Now for the first time they saw our Lord’s divinity flash so brightly that day was turned to night. Eight days before, Peter declared his faith in Jesus’ divinity: “You are the Christ, the Son of the Living God,” but now he sees it with his own wide-awake eyes. His face shone like the sun, too bright to look upon. Even his clothing suddenly became the brightest light they had ever seen. Glistering is the translation of the Greek word: a word used only once in the New Testament means “to emit flashes of light, to shine or glister as lightening.” Christ is the uncreated light of the Father, he is not reflecting light, he is Light. The Shenikah Glory of God made flesh. Now his closest disciples look upon the Glorious God come down from Heaven.

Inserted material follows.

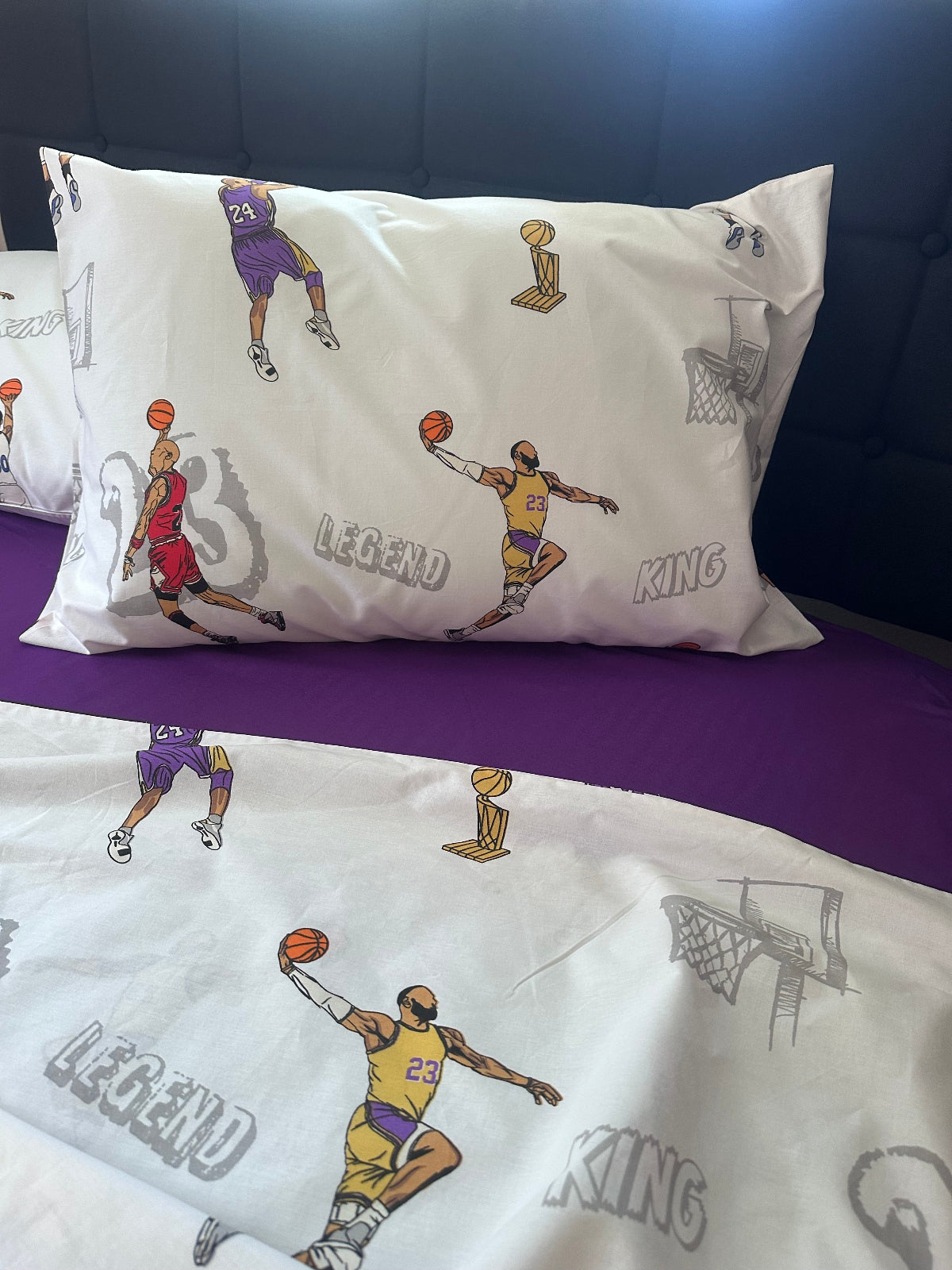 Two pillows with basketball player illustrations and 'Legend' text on a purple background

Now this is what I want to say — we have been born again and this radicalized state of being of the baptized is to have God the Father as our Father and to have Jesus the Messiah as our sibling. When we are baptize into Jesus we are baptized into his humanity and we are baptized into his glistering divinity as well:
He (God) has granted to us his precious and very great promises, so that through them you may become partakers of the divine nature… II Peter 1:4
This is all about our participation in the life of God, or as Peter put it our partaking of the divine nature and that brings us to the understanding of what grace is. As I have said when I was growing up we were taught that grace is unmerited favor; the free and undeserved help that God gave us in order that we might respond to his call be to his children. Though that is partially correct, I want you to understand that grace that is not so utilitarian, but rather, that is grace is a state of being: Grace is participation in the life of God. To be in a state of grace is to be participating in the life of the God who is God which is equivalent to participating in eternal life. And the way that happens is receiving the good and perfects gifts that come down from the Father of Lights. By virtue of our incorporation into the human nature of Christ we also participate, share in, commune with the divine nature of the God who is God. And thus we constitute a renewed, recreated humanity. And because of that we may and must live transfigured lives that communicate the holiness, wonder, love, and free, ungrudging generosity of God the Blessed Trinity to this beautiful but broken world we live in.